TASK TO COMPLETE:
Scan the entries below and extract each line with the word "Building" in it.

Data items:

>>>>

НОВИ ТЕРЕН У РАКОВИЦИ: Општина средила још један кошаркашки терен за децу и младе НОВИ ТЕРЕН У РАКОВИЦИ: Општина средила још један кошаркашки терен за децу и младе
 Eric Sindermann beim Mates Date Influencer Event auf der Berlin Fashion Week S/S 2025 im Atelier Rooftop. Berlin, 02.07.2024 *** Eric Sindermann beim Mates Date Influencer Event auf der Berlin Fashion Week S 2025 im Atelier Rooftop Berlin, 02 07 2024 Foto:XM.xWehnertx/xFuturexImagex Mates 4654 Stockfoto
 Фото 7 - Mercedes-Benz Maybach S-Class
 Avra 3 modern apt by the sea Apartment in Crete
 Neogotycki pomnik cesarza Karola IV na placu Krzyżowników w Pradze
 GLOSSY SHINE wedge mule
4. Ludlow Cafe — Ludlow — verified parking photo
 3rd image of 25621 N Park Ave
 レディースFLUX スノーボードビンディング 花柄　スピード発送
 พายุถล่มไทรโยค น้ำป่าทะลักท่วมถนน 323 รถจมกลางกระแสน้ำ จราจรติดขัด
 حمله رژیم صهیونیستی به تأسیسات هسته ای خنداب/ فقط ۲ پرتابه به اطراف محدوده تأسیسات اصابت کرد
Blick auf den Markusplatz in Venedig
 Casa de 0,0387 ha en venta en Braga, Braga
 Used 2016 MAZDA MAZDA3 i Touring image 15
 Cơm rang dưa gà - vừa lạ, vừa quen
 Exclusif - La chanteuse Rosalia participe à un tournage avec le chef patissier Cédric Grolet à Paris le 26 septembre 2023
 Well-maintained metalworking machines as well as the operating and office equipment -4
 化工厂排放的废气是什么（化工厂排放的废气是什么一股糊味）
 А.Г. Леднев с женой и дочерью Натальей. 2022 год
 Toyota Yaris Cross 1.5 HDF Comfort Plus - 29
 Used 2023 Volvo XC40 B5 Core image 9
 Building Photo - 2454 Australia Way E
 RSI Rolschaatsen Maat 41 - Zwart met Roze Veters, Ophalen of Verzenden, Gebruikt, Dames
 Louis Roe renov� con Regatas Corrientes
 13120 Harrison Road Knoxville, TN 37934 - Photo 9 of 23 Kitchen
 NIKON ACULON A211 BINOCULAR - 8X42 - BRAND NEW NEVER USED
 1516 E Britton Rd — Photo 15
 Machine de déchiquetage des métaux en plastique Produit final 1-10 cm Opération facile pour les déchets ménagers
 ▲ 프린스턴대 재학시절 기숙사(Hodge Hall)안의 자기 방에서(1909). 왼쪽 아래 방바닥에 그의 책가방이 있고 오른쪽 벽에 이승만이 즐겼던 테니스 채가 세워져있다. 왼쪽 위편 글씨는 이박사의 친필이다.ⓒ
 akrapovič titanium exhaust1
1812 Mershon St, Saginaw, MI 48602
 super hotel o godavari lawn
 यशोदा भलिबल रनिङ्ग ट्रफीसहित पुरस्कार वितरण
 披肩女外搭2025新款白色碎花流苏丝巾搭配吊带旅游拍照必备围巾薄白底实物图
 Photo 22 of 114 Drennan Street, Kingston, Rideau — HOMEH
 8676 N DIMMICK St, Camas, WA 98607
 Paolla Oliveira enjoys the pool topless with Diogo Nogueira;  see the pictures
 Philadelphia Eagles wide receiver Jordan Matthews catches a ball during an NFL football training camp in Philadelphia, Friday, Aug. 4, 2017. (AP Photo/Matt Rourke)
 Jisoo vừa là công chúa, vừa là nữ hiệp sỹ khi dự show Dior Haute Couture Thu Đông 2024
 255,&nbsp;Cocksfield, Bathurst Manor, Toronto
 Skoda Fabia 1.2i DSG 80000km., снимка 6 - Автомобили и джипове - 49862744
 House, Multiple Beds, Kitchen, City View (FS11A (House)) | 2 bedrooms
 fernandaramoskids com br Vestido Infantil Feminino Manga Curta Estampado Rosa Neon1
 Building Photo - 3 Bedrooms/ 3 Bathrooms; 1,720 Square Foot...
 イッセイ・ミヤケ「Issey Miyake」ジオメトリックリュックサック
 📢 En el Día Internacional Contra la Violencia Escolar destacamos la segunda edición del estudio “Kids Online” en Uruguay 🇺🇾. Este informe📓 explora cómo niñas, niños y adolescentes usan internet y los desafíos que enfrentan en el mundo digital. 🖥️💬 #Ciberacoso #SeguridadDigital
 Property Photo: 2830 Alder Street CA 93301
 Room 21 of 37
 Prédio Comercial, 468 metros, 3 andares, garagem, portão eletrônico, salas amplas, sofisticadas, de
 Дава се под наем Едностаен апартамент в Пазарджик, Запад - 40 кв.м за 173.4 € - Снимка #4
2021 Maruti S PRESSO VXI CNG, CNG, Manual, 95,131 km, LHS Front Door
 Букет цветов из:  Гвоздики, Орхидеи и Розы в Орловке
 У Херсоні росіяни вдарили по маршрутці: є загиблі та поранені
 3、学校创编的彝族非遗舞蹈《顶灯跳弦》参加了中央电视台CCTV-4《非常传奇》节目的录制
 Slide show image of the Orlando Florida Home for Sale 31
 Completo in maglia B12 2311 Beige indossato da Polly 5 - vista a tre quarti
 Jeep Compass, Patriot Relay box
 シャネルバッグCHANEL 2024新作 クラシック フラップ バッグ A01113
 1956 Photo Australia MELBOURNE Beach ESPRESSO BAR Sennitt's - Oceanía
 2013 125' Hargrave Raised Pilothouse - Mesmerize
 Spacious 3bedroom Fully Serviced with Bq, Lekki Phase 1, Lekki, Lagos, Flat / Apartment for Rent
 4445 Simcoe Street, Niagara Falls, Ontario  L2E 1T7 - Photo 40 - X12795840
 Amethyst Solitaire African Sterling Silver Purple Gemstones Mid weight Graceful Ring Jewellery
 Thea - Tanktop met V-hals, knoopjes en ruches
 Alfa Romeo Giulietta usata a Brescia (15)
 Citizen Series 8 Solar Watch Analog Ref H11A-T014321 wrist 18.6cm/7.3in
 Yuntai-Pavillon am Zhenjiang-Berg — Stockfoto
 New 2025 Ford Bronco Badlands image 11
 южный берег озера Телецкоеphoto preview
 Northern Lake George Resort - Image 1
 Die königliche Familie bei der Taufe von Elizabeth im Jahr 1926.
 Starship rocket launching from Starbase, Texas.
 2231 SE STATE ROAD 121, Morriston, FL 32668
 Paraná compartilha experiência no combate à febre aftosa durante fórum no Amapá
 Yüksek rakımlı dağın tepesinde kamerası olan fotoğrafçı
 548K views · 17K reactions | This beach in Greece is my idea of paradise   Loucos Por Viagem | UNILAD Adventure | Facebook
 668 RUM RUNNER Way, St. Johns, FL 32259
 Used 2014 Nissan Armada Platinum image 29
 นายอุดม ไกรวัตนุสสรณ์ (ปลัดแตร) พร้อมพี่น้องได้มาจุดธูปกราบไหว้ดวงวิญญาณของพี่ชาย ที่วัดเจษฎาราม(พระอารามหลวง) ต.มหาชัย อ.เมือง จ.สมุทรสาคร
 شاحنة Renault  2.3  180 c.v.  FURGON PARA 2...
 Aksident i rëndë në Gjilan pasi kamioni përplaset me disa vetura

<<<<

ANSWER FOR THIS EXERCISE:
 Building Photo - 2454 Australia Way E
 Building Photo - 3 Bedrooms/ 3 Bathrooms; 1,720 Square Foot...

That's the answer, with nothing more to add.